I know counterexamples, of verses where there is one dreamer of the dream of reality that explicitly gives sentience to lots of different characters. You could imagine it as dreaming from multiple perspectives at once, if you want.

So I can't agree with this.
Similar to stuff before, this would be exceptions as it has an explanation.
I don't really understand what you want to say with this. Sorry.
It goes back to the other stuff.
Yeah, in principle you could do that in a movie, is you had the ability to control it like that. In verses with time manipulation powers you can also do that with reality, which doesn't mean they have no proper time or that two universes can't have the same time.
Yes but time powers are supernatural, how one can overlook a movie / book / comic like that is a natual thing that can be done, if needing resources at worst.
It means that time flow should have no relevance to the debate IMO. Some can have it, others don't. So you can't separate the fiction from non-fiction by this criteria.
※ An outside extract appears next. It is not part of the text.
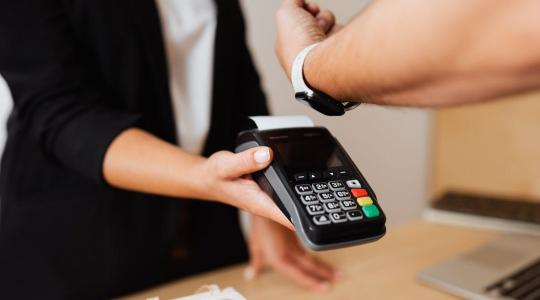 E-számla: a te véleményedre is kíváncsiak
I still don't agree with the notion that any media definitely shouldn't have a flow of time. Take Umineko, a verse where the reality-fiction difference is so blatantly explained that they even bring up dimensional tiering and differences of infinity explicitly. There fictions are magical crystals or books, for example. Or text on a page of paper that is written as the story advances. There time can go along with the time on the meta-layers. Or it can also not do so, but it can, in principle, do that. Yeah, that means the books are magical books, but that changes nothing on the contents being fiction. As long as it keeps contained to the book I think such things can still perfectly qualify as fictional.
By "If it shouldn't have a flow of time like its "real world", and it's proven that it does" I meant for example a verse where real characters are baffled by the fiction having a flow of time like reality, the implication being that this isn't supposed to be, for fiction. If it already checks out for a verse or further lore will recontextualize/clarify things then there is no issue there. Context & portrayal are very important, if in verse A a character teleports himself and a friend into a battlefield in TV, says that they'll be fine as it's fiction and then weapons fail to harm them at all then that's one thing, and if in verse 2 a character teleports himself and a friend into a battlefield in TV, says that they'll be fine as it's fiction but then weapons blows them away then that's something else.
Sure, if it's a pocket space it doesn't qualify. And fiction can of course call everything whatever it wants.

I, for example, also know a fiction that calls solar system-sized pocket space "Universe". But I wouldn't put a note about that on the pocket reality page, as that is a "don't assume that until the fiction indicates it"-situation IMO.

I'm not going to assume that something that meets all the qualifiers is a pocket dimension unless it's indicated in any way.
Great. Can we clarify that if the fiction (called fiction in-universe) is proven to be a literal space bigger in the inside than how it is from the outside (taking space in reality) then it doesn't qualify?
 
Well, either I forgot to close it or Eficiente considered it important to open it.